_Required action:_ The expected output is the line with "Let's talk about" plus all lines after it to the end of the material below, reproduced exactly, with pictures omitted and nothing else included.

_Data records:_
--

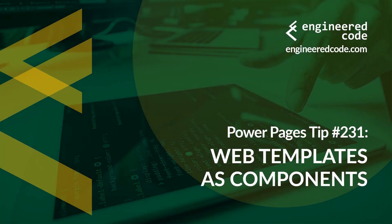Hello everyone and welcome to Power Pages Tips. My name is Nicholas Heyduk and this is tip number 231: Web Templates as Components.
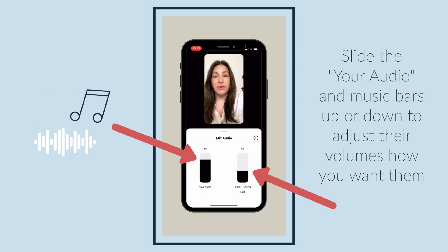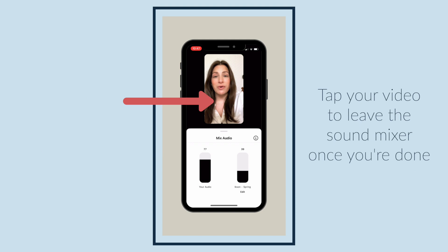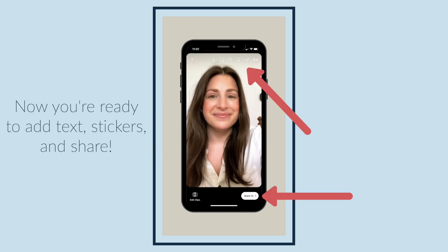Slide the your audio and music bars up or down to adjust their volumes how you want them. Tap your video to leave the sound mixer once you're done. Now you're ready to add text, stickers, and share. Now you know how to edit sound for your Instagram Reels.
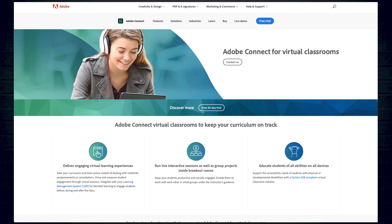Adobe Connect runs in a web browser with Adobe Flash Player, and it features interactive whiteboards, real-time and private chats, interactive polls and voting, and two-way video and audio. Teachers and students can also share screens and live stream presentations to create the feeling of actually being in the classroom. It also has a Section 508-compliant virtual classroom solution, which makes it more accessible for students with disabilities.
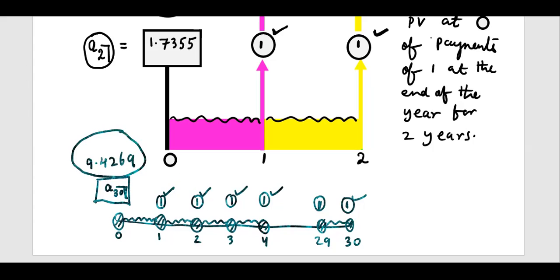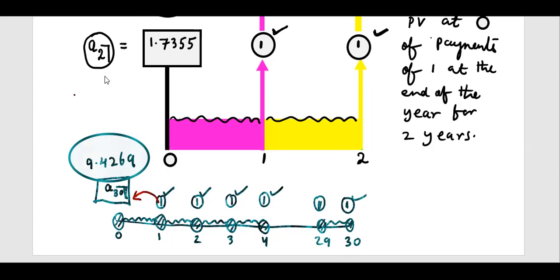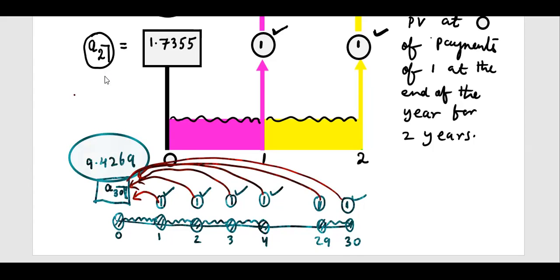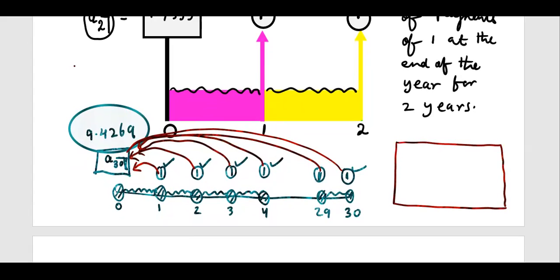It will take a lot of time if you directly find it, because you have to find the present value: 1·V + 1·V² + 1·V³ + 1·V⁴ ... + 1·V²⁹ + 1·V³⁰. It is a lot — we can't easily find that. So we will find a formula for this one, and remember we will derive the formula in the next class. But we will use it to solve problems. The formula is: An = (1 − Vⁿ) / i.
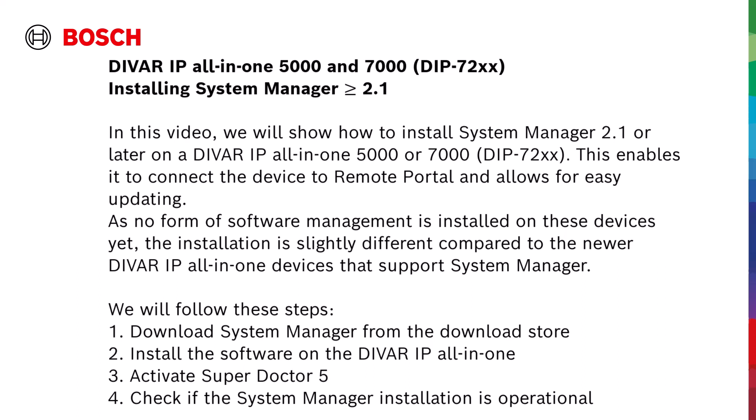1. Download System Manager from the download store and unzip it to a USB storage device. 2. Install the software on the DIVAR IP all-in-one. 3. Activate SuperDoctor 5. 4. Check if the System Manager installation is operational.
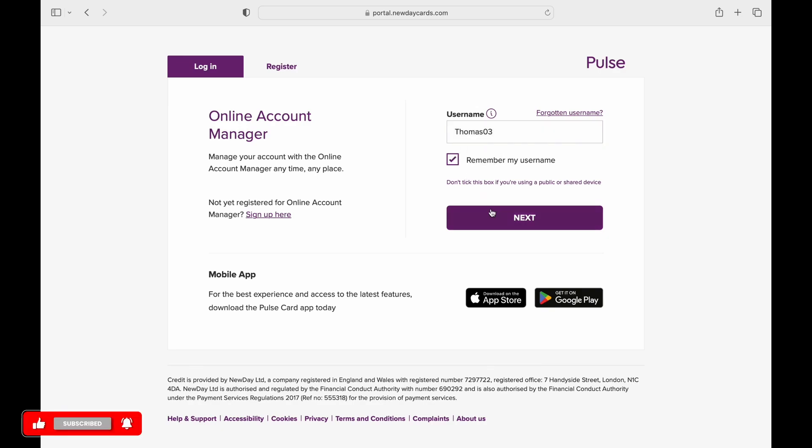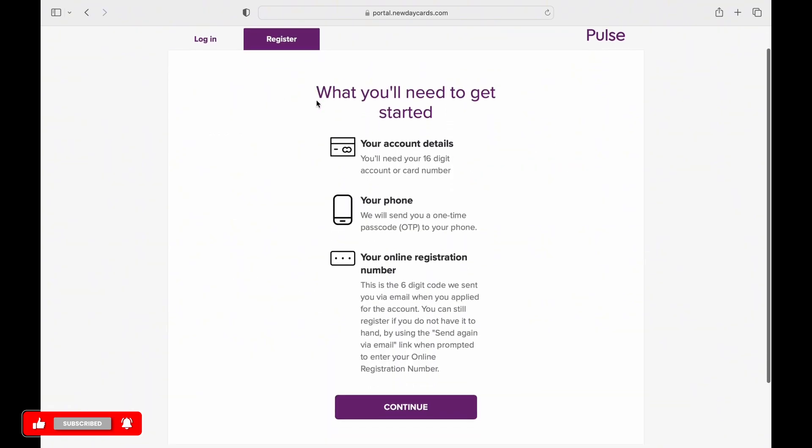Then finally, tap on Next. If you haven't yet created an account, you can tap on Register button and continue from there. Otherwise, you can simply proceed with the following steps.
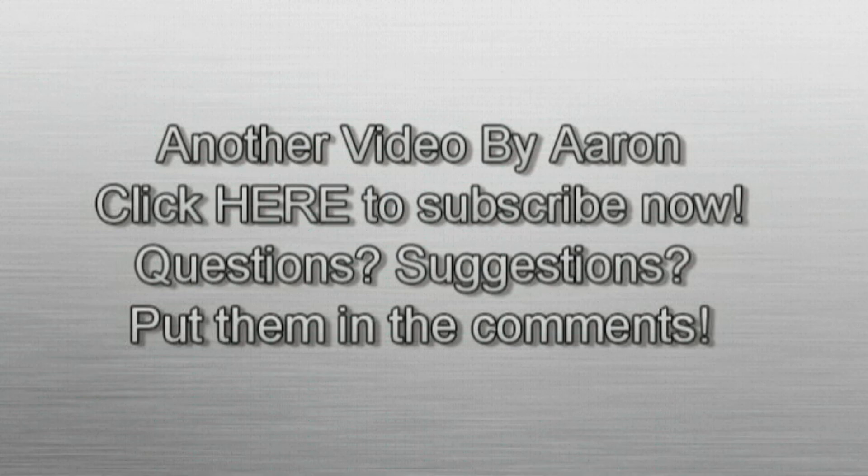Thank you guys for watching. Go ahead and click here to subscribe for more technology how-tos. If you have any questions or suggestions, put them in the comments. I'll get right back to them.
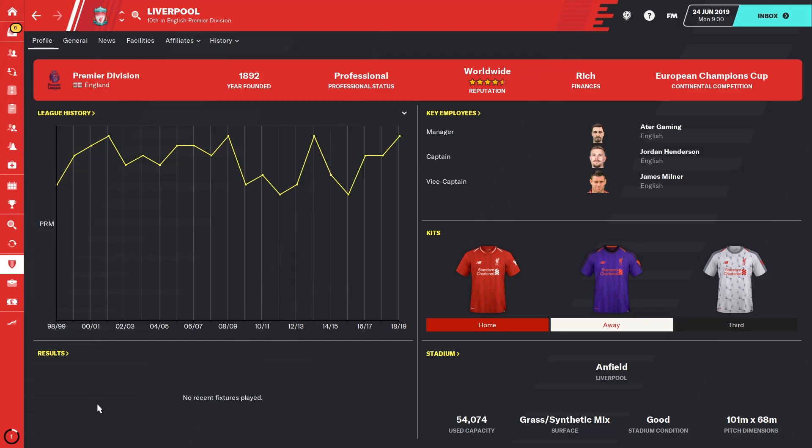This guide is for the Epic Game Store version of Football Manager 20. It will show you how to change the save folder and the graphics folder.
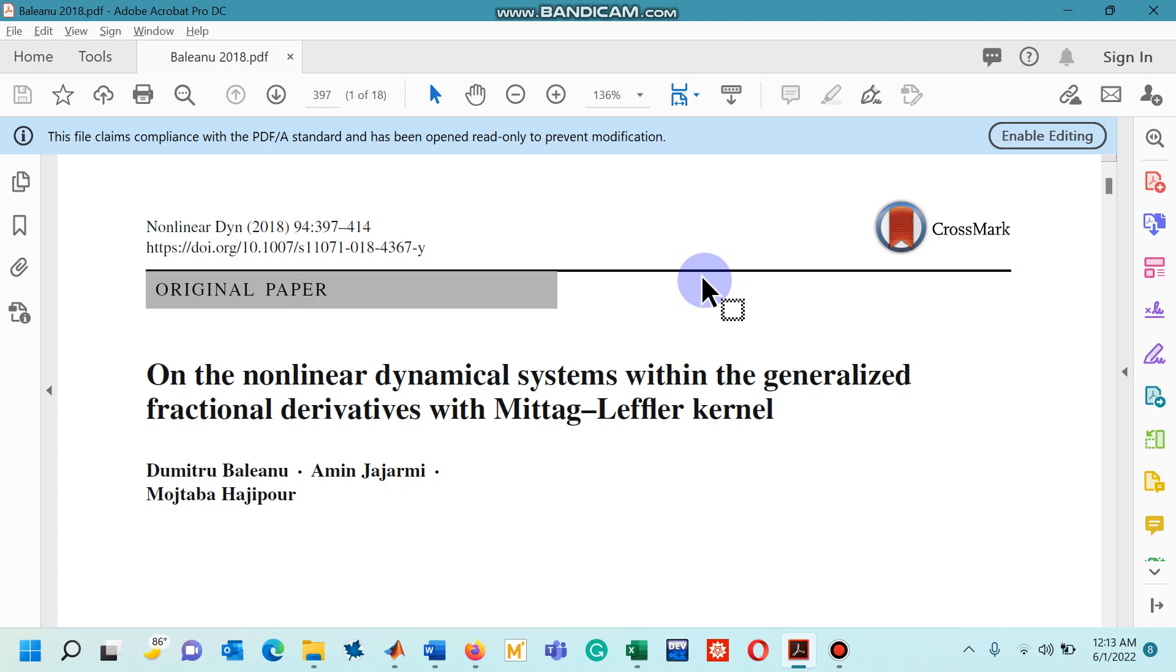Hello viewers, in this lecture I'm going to explain how we can design a MATLAB code of a numerical scheme that has been proposed in this research paper.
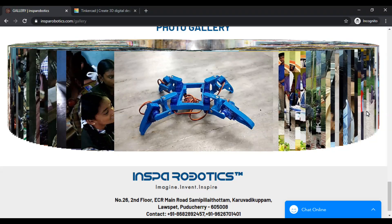Hey guys, this is Selva Ganapathy from INSPO Robotics. So now we are going into lockdown. This is not only the time for self-isolation but also for self-learning. In the previous video, we started a few electronics concepts. In this video, we will talk about 3D modeling concepts.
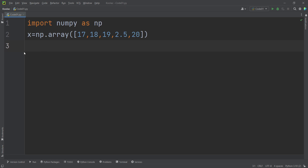Let's talk about statistics and how to calculate mean and median. Here are some marks for some students out of 20, and we want to calculate the mean and median of these marks.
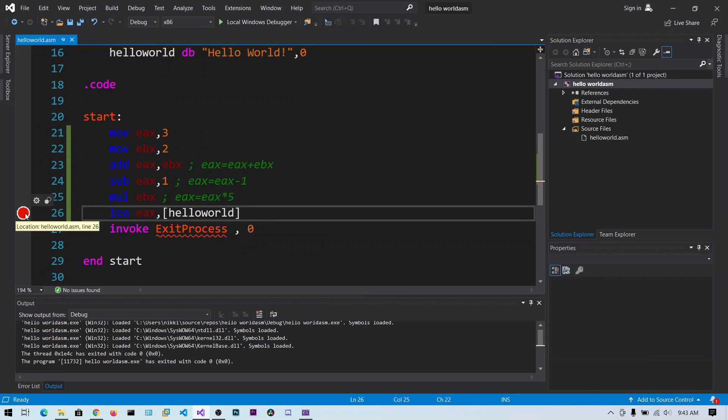So that is all for this basic instructions and basic debugging. I hope you have understood this video. Thank you.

--

_Worked solution:_
Let's talk about statistics and how to calculate mean and median. Here are some marks for some students out of 20, and we want to calculate the mean and median of these marks.
So that is all for this basic instructions and basic debugging. I hope you have understood this video. Thank you.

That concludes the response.